Nanuto gostaria que o Ministério da Cultura reunisse livros e prospectos que servissem de investigação para o semba e o kilapanga. Entende que muitos cantam o semba, “mas não sabem exactamente do que se trata, nem das verdadeiras origens”.

Ao mesmo tempo, defende a necessidade de criar condições para que os músicos, com alguma experiência, dêem seminários juntos das escolas, faculdades e outros locais de concentração juvenil.
Nanuto lamenta ainda a péssima condição que apresenta actualmente a Escola Nacional de Arte, antiga academia de música. “Como é possível formar-se um artista quando não se tem sequer um piano afinado?”, questiona-se. “Não temos uma escola, de facto, de arte mas já se fala de um instituto superior. Estamos a ir para o tecto quando ainda não pegamos os alicerces”, critica. A necessidade de os governos provinciais reservarem uma parte dos seus orçamentos para a criação de pequenas escolas de música e de os adidos culturais das embaixadas “trabalharem mais pela cultura e não esperarem pelas datas históricas”, também é um alerta do artista.

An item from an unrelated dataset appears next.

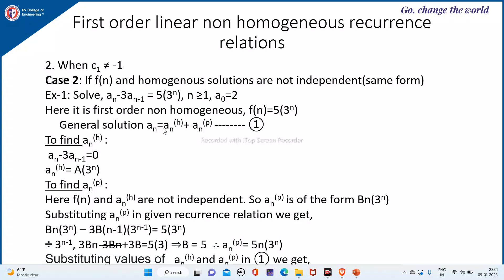The general solution is aₙ = aₙ(h) + aₙ(p), that is the sum of the homogeneous solution and particular solution. To find the homogeneous solution, we set f(n) = 0, getting aₙ - 3aₙ₋₁ = 0. Here d = 3, so the homogeneous solution is of the form A·3ⁿ.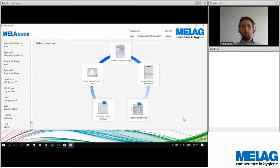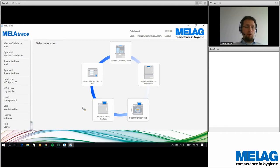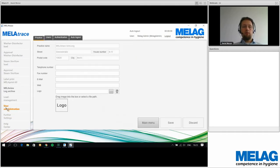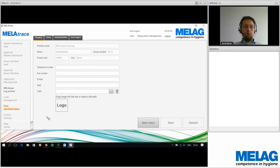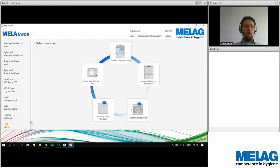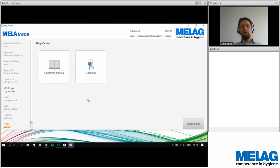With the license applied, MelaTrace opens and configuration can begin. The first step should always be to check the user administration — verify the address, street, house number, and other details. If everything is correct, proceed with the user administration configuration. If there's a mistake, contact Mela immediately to issue a new license. Re-implementing a license is easy via the Help Center's licensing button, where you can request or implement a corrected license.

Nanuto estudou música clássica em Portugal, no Hot Club de Jazz, e salsa, em Cuba, e merengue na República Dominicana. Tem como referência os Merengues, grupo criado em 1974, por Alberto Teta Lando e Carlos Lamartine, liderado por Carlitos Vieira Dias. Nanuto chegou a tocar neste grupo.

Considerado o mais internacional dos grupos que o país teve, resultou de uma junção de elementos oriundos das maiores bandas que existiam em Angola como Zé Keno, dos Jovens do Prenda, Carlitos Vieira Dias e Joãozinho, dos Negoleiros do Ritmo, Zeca Tirileno e Gregório Mulato, dos Águias-reais, e ainda Voto Costa, dos Kiezos. “Tínhamos a selecção de Angola. Mas pude ainda trabalhar com Elias Dia Kimuezo, André Mingas, Bonga, Waldemar Bastos, Carlos Burity, Carlos Lamartine, Lurdes Van-Dunem e Belita Palma. As duas foram as minhas madrinhas para entrar nos ‘Merengues’” recorda.